Repair incorrect TCLK partner IEEE address on startup

puddly commented 11 months ago

This PR is a little experimental and relies on functionality present only in the latest build of EmberZNet (7.3.1.0). I haven't yet figured out which firmwares are affected or what conditions are needed to trigger this problem.
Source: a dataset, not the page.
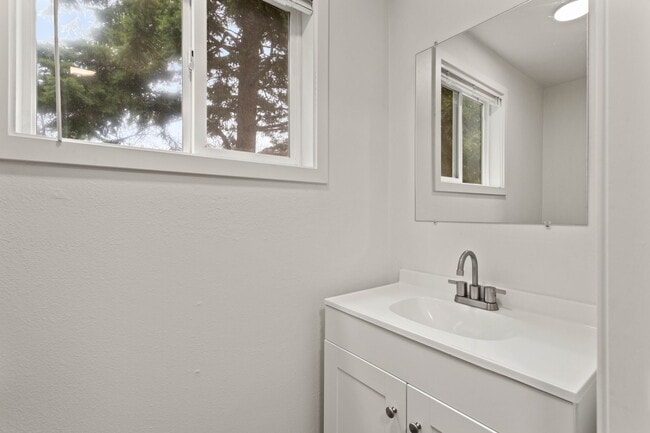 Photo - 4209 N Abbey Rd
There seem to be circumstances where the Trust Center Link Key's partner IEEE address does not match the coordinator's. This causes new Zigbee 3.0 devices which request APS link keys to leave the network, since the coordinator will never respond :

It looks like the device's current EUI64 is not being correctly read by the firmware when we do not pass an EUI64 when creating the initial security state:

2023-08-25 14:12:55.930 DEBUG (MainThread) [bellows.ezsp.protocol] Application frame received getEui64: [79:50:12:76:46:fb:10:f4]
2023-08-25 14:12:55.974 DEBUG (MainThread) [bellows.ezsp.protocol] Application frame received getCurrentSecurityState: [<EmberStatus.SUCCESS: 0>, EmberCurrentSecurityState(bitmask=<EmberCurrentSecurityBitmask.GLOBAL_LINK_KEY|HAVE_TRUST_CENTER_LINK_KEY|TRUST_CENTER_USES_HASHED_LINK_KEY|96: 244>, trustCenterLongAddress=00:12:4b:00:1c:a1:b8:46)]
2023-08-25 14:12:55.966 DEBUG (MainThread) [bellows.ezsp.protocol] Application frame received getKey: [<EmberStatus.SUCCESS: 0>, EmberKeyStruct(bitmask=<EmberKeyStructBitmask.KEY_HAS_OUTGOING_FRAME_COUNTER|KEY_HAS_PARTNER_EUI64|KEY_IS_AUTHORIZED: 26>, type=<EmberKeyType.TRUST_CENTER_LINK_KEY: 1>, key=b5:97:1c:d9:a8:e5:4c:8d:96:28:41:9d:83:1b:f7:6b, outgoingFrameCounter=0, incomingFrameCounter=0, sequenceNumber=0, partnerEUI64=00:12:4b:00:1c:a1:b8:46)]
2023-08-25 14:12:56.047 DEBUG (MainThread) [bellows.ezsp] NV3 restored EUI64: NV3KeyId.NVM3KEY_STACK_RESTORED_EUI64=79:50:12:76:46:fb:10:f4

The device's IEEE address is 79:50:12:76:46:fb:10:f4 but there seems to be a key table entry for 00:12:4b:00:1c:a1:b8:46, its original IEEE address (burned into USERDATA). Upon applying this fix, the device now joins as expected:

MattWestb commented 11 months ago

One great catch and fixing !!!

(MAN this man have learning using his brain !!) Silabs is having support for alternative / secondary TC (yes its one part of current Zigbee standard but all saying its not possible) but is not being used in many system and the active TC IEEE (or is it the original and the active is listening on) is one key for getting it working or messing the network up like what is happening in this case if not working well.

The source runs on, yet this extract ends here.